Despite the court’s seemingly conclusive ruling, Noronha expects legal wrangling over the bill to cause a delay in the legal decision’s application. Despite calls for the new rules to apply to the 2016 municipal elections, he thinks it more probable that they will first be applied to Brazil’s 2018 general election.
Rousseff’s 2014 campaign funds are under investigation. If they are proved to have been secured corruptly, Fleischer suggested, the country’s top electoral court could potentially make history by invalidating her reelection.
This is not the only current threat to Rousseff’s presidency. There are currently multiple requests for her impeachment, many of them centering on alleged fiscal “crimes of responsibility.”
But whether or not Rousseff serves a full second term in office, doubts persist over the effectiveness of the ban on corporate political financing. Few expect that corruption can be rooted out of the Brazilian political system overnight.
Writing in the influential Folha de S.Paulo newspaper, the prominent columnist Bernardo Mello Franco quoted former Petrobras executive Paulo Roberto Costa — who turned state’s witness — labeling the concept of legal corporate donations to political parties “the biggest farce in Brazil.”

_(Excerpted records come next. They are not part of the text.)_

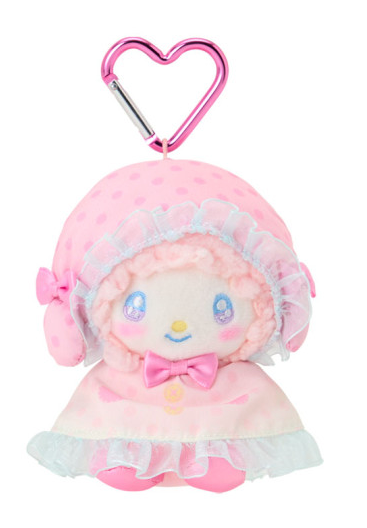 SANRIO ORIGINAL MY SWEET PIANO SWEET RAIN COLLECTION RAINCOAT MASCOT HOLDER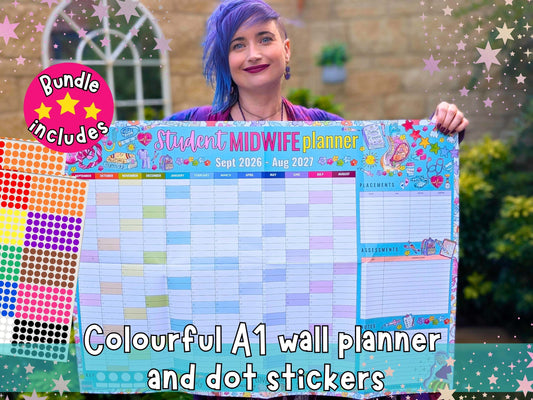 Student Midwife September 2026 Starter Bundle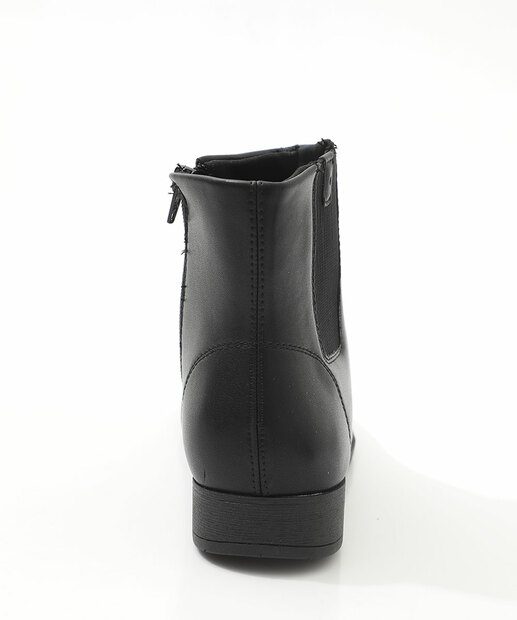 Bota Feminina Cano Curto Via Uno Preto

“The donations aren’t donations, they’re loans,” Costa said. “The company is lending money to the person, and afterwards will be asking for it back.”
Though the Supreme Federal Court’s ruling is encouraging, the nature of such political “loans” is slippery. Brazilians are anxious to hold their political leaders to account, but the ability of interested parties to circumvent regulations suggests that the crusade against corruption will be a long one.